Moving on to the last part of the interview, where we talk about the process of writing your book, and things like that.
It's a very big book. You said you spent many, many hours on it. I was wondering if you could talk a little bit about your approach to it as a writer? You mentioned earlier, when you're talking about university degrees - discipline and plans, and things like that. Did you say to yourself, "Okay -?" Or did you work out after a while, "I'm going to get up at four in the morning and write for three hours every day?" Did you have a system like that that you used to work on the book?
Daniel: That's one of the reasons that I mentioned having a schedule, or something that's important, when you're attending institutions. Because I know, myself - I'm not that good at doing it myself. I had the rough idea of what I would like to accomplish with the book when I started. I knew that the blog posts were like the baseline, the initial building blocks of that.
But I was very optimistic. "Yeah, when I write this, like two months from now it's going to be over." It took like eleven months or so, so I was way off the initial planning.
But also, I didn't want to make that like a job. I didn't want to set a deadline for myself. Because these parts - sometimes programming, coding - or in that sense, also writing - is a creative process, right? It's less than a job or a task that needs to be done, and more of a creative process. So, I wanted to let it flow.
Basically, I started writing. I had some idea what I wanted to do there. But, no, I was not sticking to anything very strict. I started writing. And then there would be good days and bad days. Some days I would write, I don't know? 4,000 words in a single day. Because it was really going.
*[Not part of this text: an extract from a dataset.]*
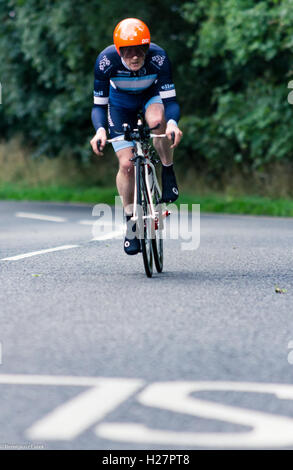 Accelerando professionalmente vestito ciclisti sull'asfalto durante il concorso in Scozia Foto Stock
Other days, it was like, "Okay, I don't feel like writing." But then I would still try to force a little bit, to write at least 200 words or so. Even if I had to review it the next day, to not let it - because if you procrastinate too much, then you end up not doing it. I was trying to keep at least some of the writing -
But the important part, was to get all the code - since this was a book about PyTorch, and code is the major part of it - was to get all the code working and organized first. I had all these big notebooks with lots of code on it.
Once it was, "Okay, I'm happy with the code," then I started telling the story that was in my mind. Then I started writing. So, "Okay, yeah - this is not working the way that I'm telling the story." And so I would go to the code and make some tweaks, and then go back to the text.
The idea was to tell a story, and more than that: to explain it in a way that would be more clear. Because even for me, when I'm trying to learn something new, I would go there, and be like, "Okay, this seems cryptic." Or sometimes you see the way that it is presented, it just overlooks a lot of steps, as if they were obvious. They may be obvious to you once you've done this for many years. But it's not obvious to the person that's reading it. They're like, "Okay, how the hell did he go from here to there?" I was trying to bridge out those gaps as I would see them, coming from other sources, and say, "Okay, how do you go from this to that? I want to go step by step." That's where the "step-by-step" from the title comes from, right?
It's a painful process to dissect every single step of the way, to show how it works, without assuming much. That was the main idea.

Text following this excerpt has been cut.